# Lidl Bottled Water



## ChrisHills (Apr 25, 2016)

I was told by the supplier of my new espresso machine that the best water to use is Lidl own brand bottled water. Anybody else use this?


----------



## froggystyle (Oct 30, 2013)

I use it, i dont see any difference in the cup to other brands.


----------



## MWJB (Feb 28, 2012)

The only detail I can find is that it's from Chase Spring, Staffs, if so it looks high in bicarbonate.

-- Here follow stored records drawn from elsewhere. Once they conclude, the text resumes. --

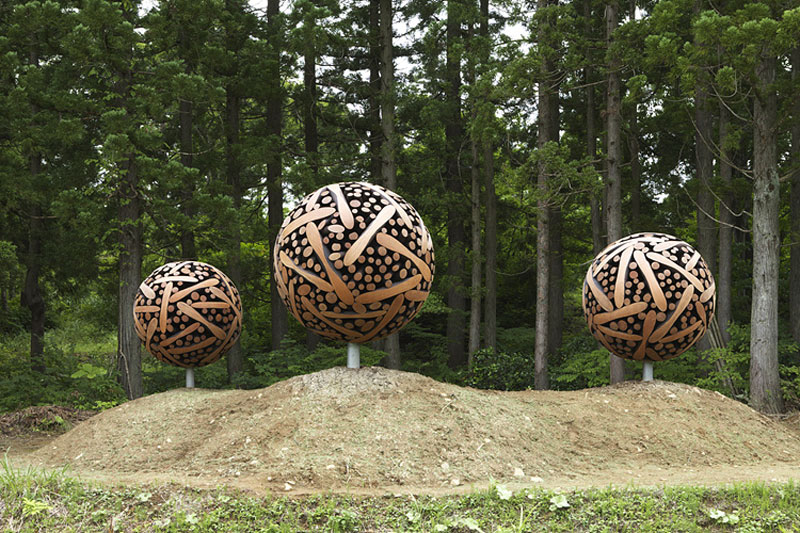 giant wooden spheres lee jae hyo sculptures 8 Colossal Wooden Spheres Made from Interlocking Wood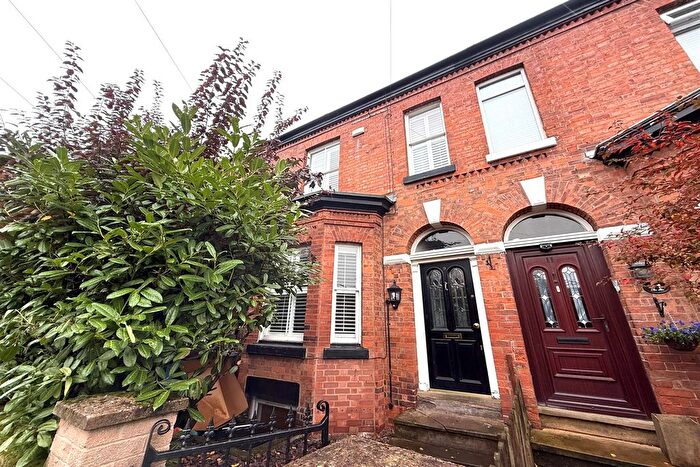4 Bedroom Terraced House To Rent In Southern Road, Sale, M33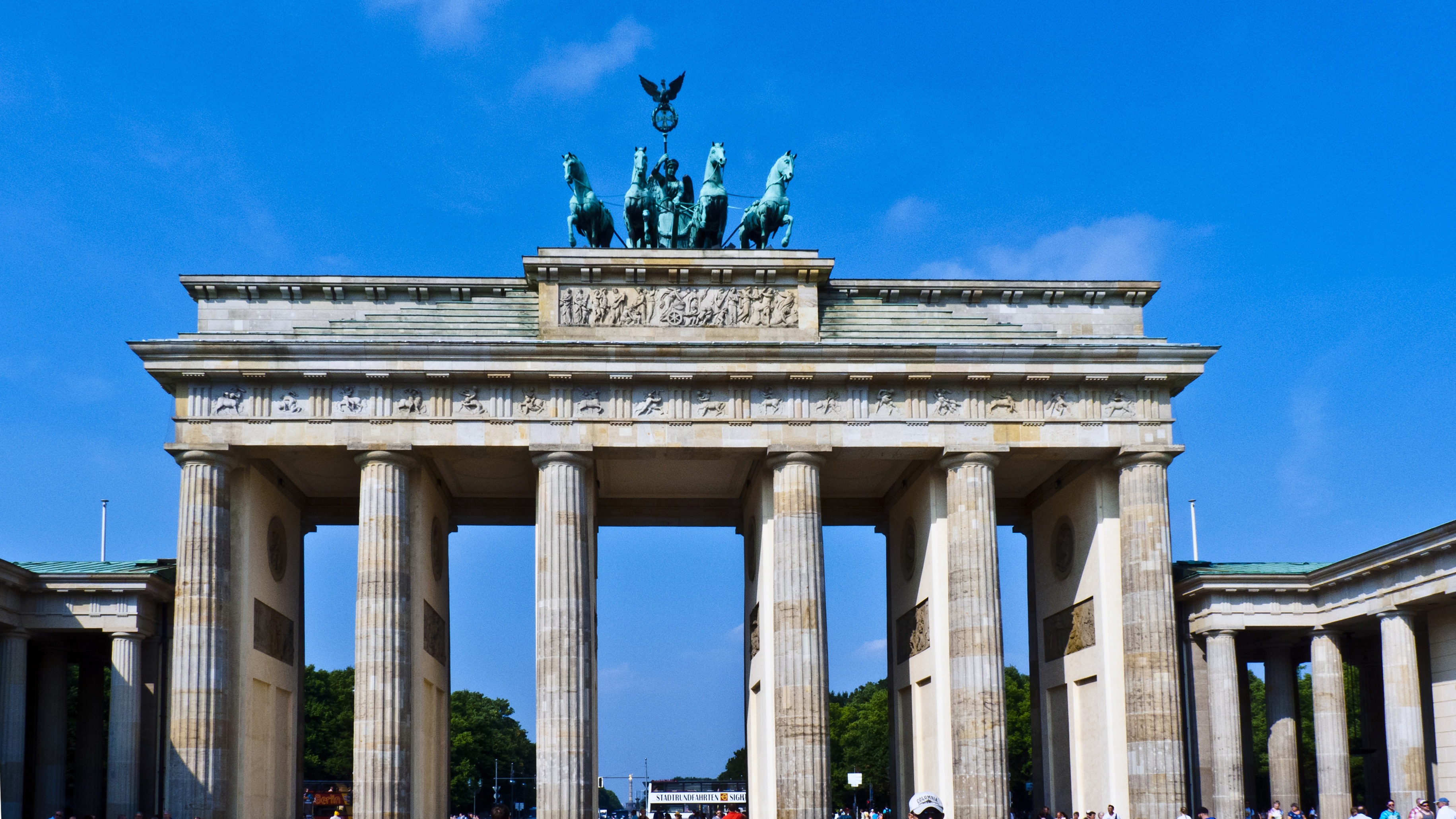 germany, statue, no people, travel, day, sky, architectural column, berlin, building exterior, brandenburg, the past, travel destinations, gate, city, city gate, HD Wallpaper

Where else do you shop/buy water?


----------



## froggystyle (Oct 30, 2013)

Used to buy ashbeck then tried the asda one but felt that left my mouth a little dry.


----------



## MWJB (Feb 28, 2012)

froggystyle said:


> Used to buy ashbeck then tried the asda one but felt that left my mouth a little dry.


They're from the same source. The difference was probably due to something else.


----------



## froggystyle (Oct 30, 2013)

Maybe the wife, left her now so its gone...


----------



## James811 (May 10, 2014)

I use ashbeck. I may try the lidl water out after seeing this though


----------



## Drewster (Dec 1, 2013)

froggystyle said:


> Maybe the wife, left her now so its gone...


No that would be the pain in the.................


----------



## ChrisHills (Apr 25, 2016)

Here is the label


----------



## MWJB (Feb 28, 2012)

OK, that's different values for what I saw, but what you have is on the soft side. It'll be hard to extract the coffee with that.

Waitrose Essential & Volvic are popular (a 50:50 mix pretty much nails the SCAA water spec).


----------



## James811 (May 10, 2014)

From the little research I've done and little knowledge I have 34mg dry residue seems really really low. I use ashbeck which I believe is about 130 and is considered low, but I'd be interested to see the difference as from my experiments I can't tell much of a difference between ~200mg/pl to ~130 so I'd be intrigued to see if I can get a difference between ~130 and 34. May try it tomorrow actually as there's a lidl about 250 metres from my house


----------



## robinp (Feb 12, 2018)

MWJB said:


> OK, that's different values for what I saw, but what you have is on the soft side. .


I think you'll find that those values have to be multiplied by ten to get the equivalent on other labels. Most are per 1000 ml rather than per 100 ml.


----------



## MWJB (Feb 28, 2012)

robinp said:


> I think you'll find that those values have to be multiplied by ten to get the equivalent on other labels. Most are per 1000 ml rather than per 100 ml.


Aha! Thanks good call, I didn't spot that. In that case, the Lidl is typically hard like normal UK water.


----------